Vase known as "Flowery medallions"
Made in cameo glass,
ornated with a wide violet-blue wave motif frieze,
adorned with three red-coral colour flowery medallions.
Signed "G. Argy-Rousseau"
height 25,5 cm
Model presented in1925, reproduced in "Les pâtes de verre, catalogue raisonné G. Argy-Rousseau", Les éditions de l'amateur, p. 68 and 206.
Joseph Gabriel Rousseau called Gabriel Argy-Rousseau (1885-1953) was a French sculptor, ceramist and glassmaker who contributed to the rediscovery of cameo glass as a major glass art of the early twentieth century. If the technique of cameo glass dates back to ancient times, it fell into oblivion for a long time. In the last quarter of the nineteenth century, Henri Cros and a handful of artists, often ceramists of the Art Nouveau movement, such as François Décorchemont or Georges Despret, put it in the spotlight. The last of these precursors was Gabriel Argy-Rousseau. He was considered as the only glassmaker to have developed and used the complex process of cameo glass, the other glassmakers working with crystal paste.
Entering the Ceramics School of Sèvres, he discovered the cameo glass in the workshop of Henri Cros. Gabriel Argy-Rousseau began to produce between 1910 and 1920. His early works were influenced by Art Nouveau style plant motifs and animal themes. He began at the 1914 Salon of the French Artists in Paris. Between 1921 and 1931, established rue Simplon in Paris, he was a shareholder in the Argy-Rousseau cameo Glass Society. With many collaborators, he produced small very colorful Art Nouveau and Art Deco subjects, distributed in small series: pendants, vases, lamps and night lights and, from 1928, sculptures (statuettes or bas-reliefs) in collaboration with Marcel Bouraine. Unlike his fellow ceramicists, he remained belatedly faithful to the polychrome effects and floral motifs of Art Nouveau style. He developed shimmering colors (ruby red, amethyst, gray, deep blue ...) and textures with marbled effects. He invented new processes for the superficial coloring of the paste, by painting oxide powder before second firing at a low temperature. His works were in glass paste, the statuettes usually in crystal paste.

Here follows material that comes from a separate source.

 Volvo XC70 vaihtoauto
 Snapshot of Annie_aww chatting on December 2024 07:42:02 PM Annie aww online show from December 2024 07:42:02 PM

The glass creations of Gabriel Argy-Rousseau remain among the most typical and representative examples of Art Deco production. The production of the workshop ceased in 1931, but Argy-Rousseau continued to create pieces of crystal paste, because of the economic crisis, the opportunity to work the expensive process of the glass paste was no longer possible. He exhibited punctually, especially in 1934, glassware adorned with precious metals. His last exhibition took place a year before his death in 1952. He died forgotten, but left many works in the glass branch, now rediscovered.